--- WORK INSTRUCTIONS ---
Copy the data exactly. Images are the one exception.

Start of SUPPLIED MATERIAL

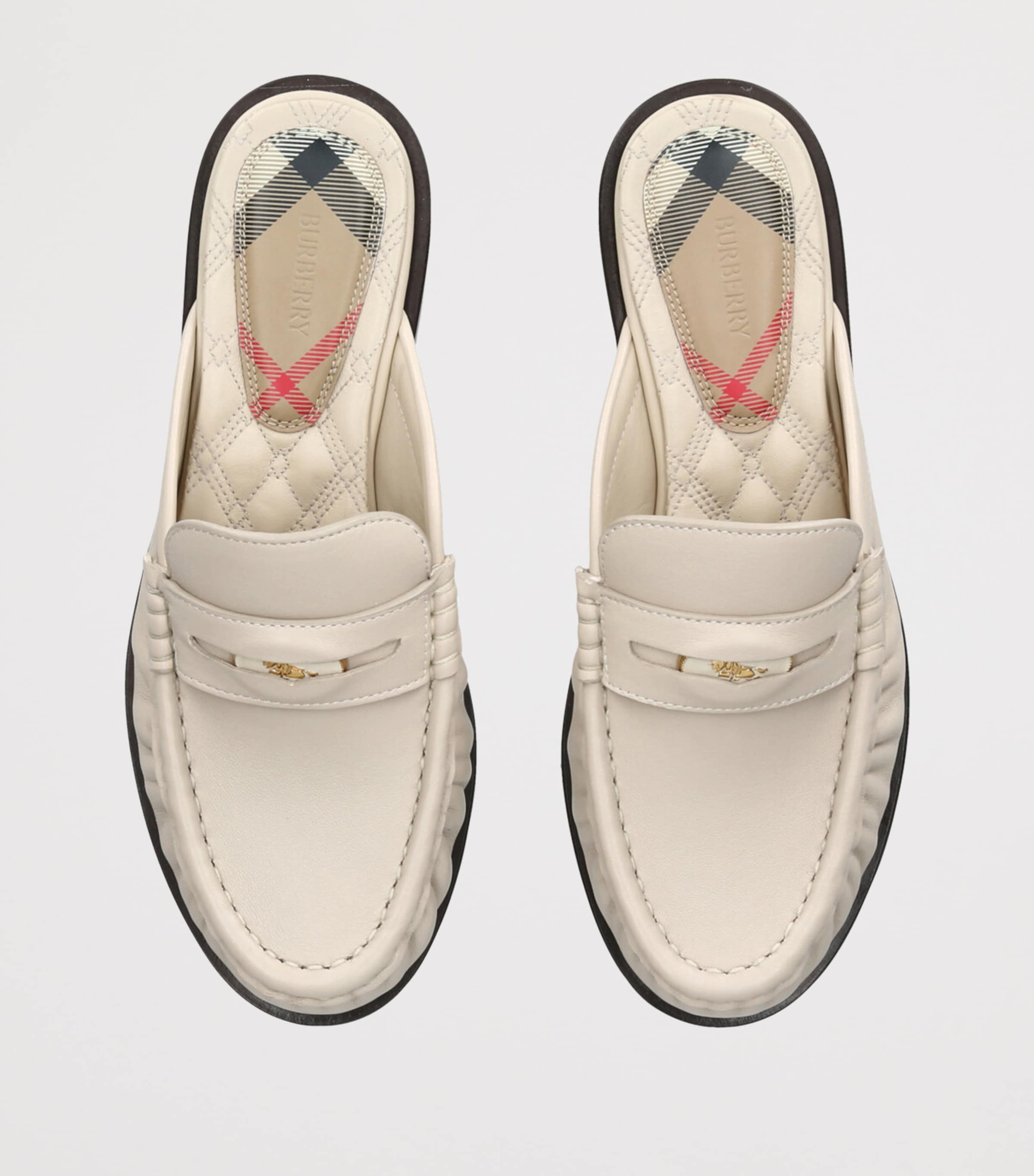 Leather Cadet Mules 10 BONE Image 4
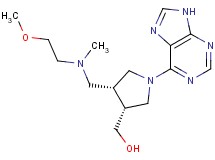 [(3R*,4R*)-4-{[(2-methoxyethyl)(methyl)amino]methyl}-1-(9H-purin-6-yl)pyrrolidin-3-yl]methanol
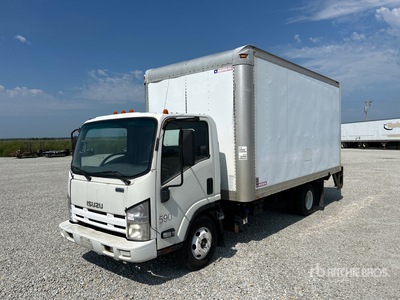 2011 Isuzu NPR 4x2 Van Truck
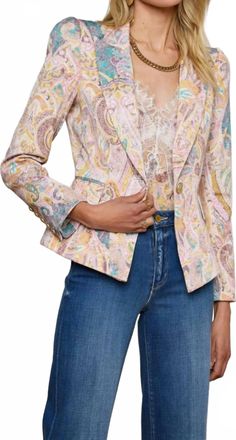 L'agence Kaisley Blazer In Western Paisley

End of SUPPLIED MATERIAL

--- EXERCISE SOLUTION ---
 Leather Cadet Mules 10 BONE Image 4
 [(3R*,4R*)-4-{[(2-methoxyethyl)(methyl)amino]methyl}-1-(9H-purin-6-yl)pyrrolidin-3-yl]methanol
 2011 Isuzu NPR 4x2 Van Truck
 L'agence Kaisley Blazer In Western Paisley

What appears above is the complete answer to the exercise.